TORONTO (Reuters) - A move by the heads of some of Canada's biggest banks to give up millions of dollars in pay is a sign of things to come for Corporate Canada, faced with the dire state of the economy and markets.

The gesture, combined with indications of a deepening recession and US President Barack Obama's efforts to cap compensation at faltering financial firms south of the border, points to smaller pay packets for Canadian executives in general in 2009.

Such a move will be welcomed by pension funds and other investors, who have complained for years about excessive pay. While the situation is not as egregious as in the US, rewards for Canadian chief executives still too seldom match performance, fund managers contend.

"Most investors are quite comfortable with executives making large amounts of money when the company does extremely well," said Stephen Griggs, the executive director of the Canadian Coalition for Good Governance, which represents a powerful group of institutional investors who manage about C$1.4 trillion ($1.1 trillion) of assets.

"But when the company does not do well - for whatever reason, whether it's the executive's fault or not - that compensation needs to be scaled back quite considerably."

Big paychecks for CEOs were back in the news this month when Obama took on bailed-out Wall Street firms, setting a $500,000 annual cap on pay for top executives at companies receiving taxpayer funds and tapping popular anger over financial-sector excesses.

Taking note of such sentiment, and citing the bad economy, the heads of Royal Bank of Canada and Bank of Montreal said just days ago that they would give up a total of almost C$10 million in mid-term and long-term compensation.

Royal Bank CEO Gordon Nixon said he thought the move was right "in light of the current state of global markets and the challenges faced by so many", while BMO chief Bill Downe said his decision was made as "a result of my reflection upon the current economic environment".

Some considered the decisions ironic given that Canadian banks, recently ranked the world's soundest by the World Economic Forum, were not involved in the aggressive lending that led to massive losses south of the border.

A more frequent target of criticism has been auto parts magnate Frank Stronach, the chairman and former CEO of Magna International. He was paid more than $40 million in compensation and consulting fees in 2007, according to company documents. During that year, Magna shares fell about 16 percent.

But banks in particular - as well as their CEOs and the pay they receive - are in the spotlight because many investors view US financial institutions as being responsible for the economic crisis, said Fiona Macdonald, who heads the executive compensation practice at Towers Perrin Canada.

The decisions by Canadian bank CEOs to part with some of their compensation "will send a message of leadership and moderation", Ms Macdonald said. This message is expected to resonate with corporate boards across Canada.

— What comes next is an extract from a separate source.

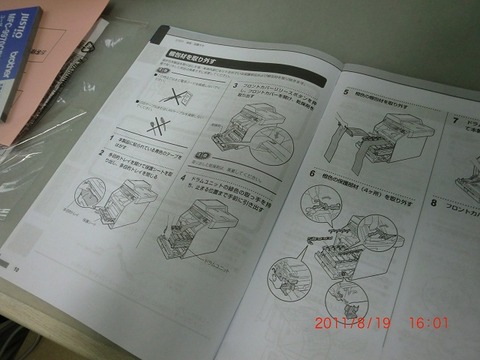 20110819160151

Many executives have already seen paper losses mount as the spiraling economy drove large losses for the Toronto Stock Exchange's main index, which has fallen some 40 percent since June.

Depressed share prices mean that many of the stock options that CEOs already received as part of their compensation are under water, and can't be exercised at a profit.

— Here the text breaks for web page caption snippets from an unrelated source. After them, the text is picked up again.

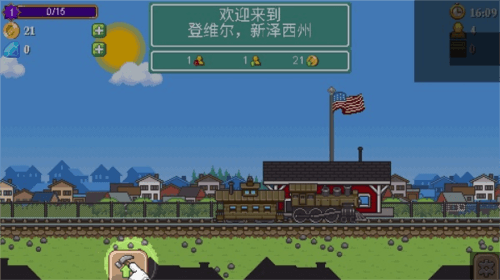 游戏攻略配图4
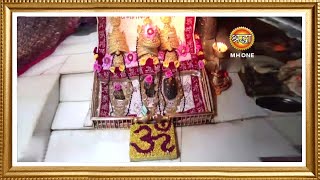 LIVE Maa Vaishno Devi Aarti From Bhawan  माता वैष्णो देवी आरती  30 September 2024 [upl. by Hacissej488]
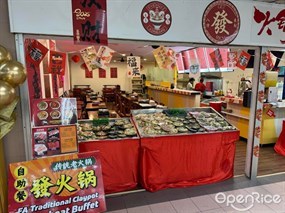 FA Steamboat Claypot Buffet
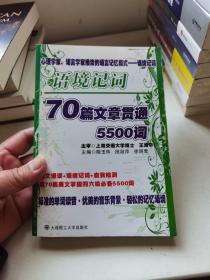 70篇文章贯通5500词 附光盘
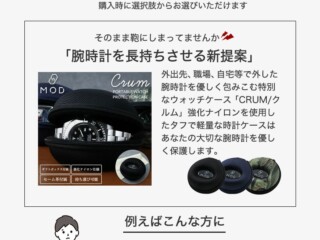crum_bn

Compensation experts say it will be tough for a board of directors to justify higher pay for a chief executive when the shares of that company have tanked, also leading to losses for shareholders.

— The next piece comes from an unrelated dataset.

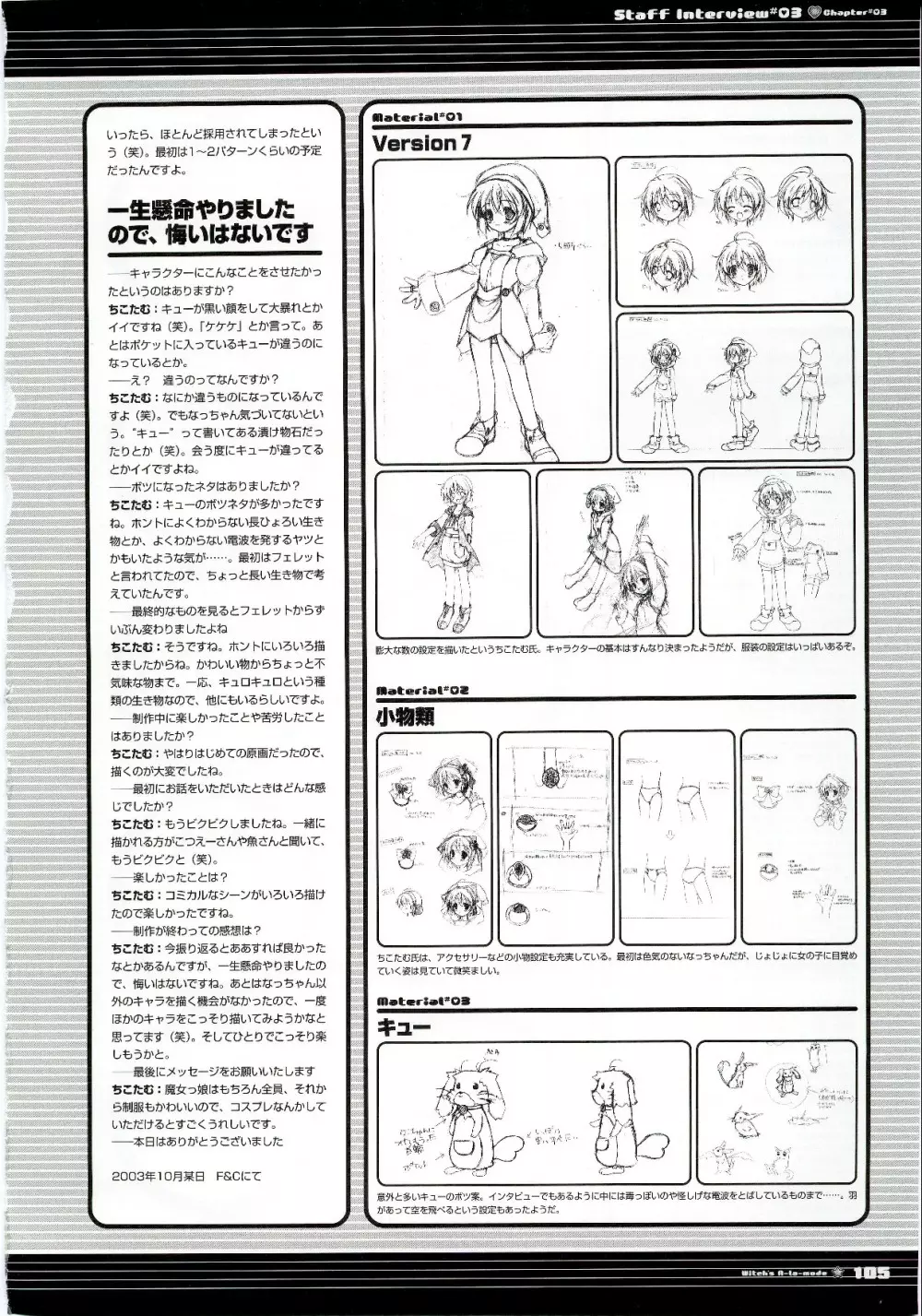 魔女っ娘ア・ラ・モード ビジュアルファンブック Page.105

Many companies are still figuring out how much their top executives will be paid in the coming year, but options grants are likely going to head lower across Corporate Canada, said Michael Thompson, a national partner and specialist in executive compensation at Mercer in Toronto.

He expects most CEO base salaries to stay flat, while other employees will see increases of less than three percent. "That's an example of how tough this market is," he said. "This is the first time that I can recall in my career where a large number of companies are going to set performance targets for next year which are lower than what they actually achieved this year."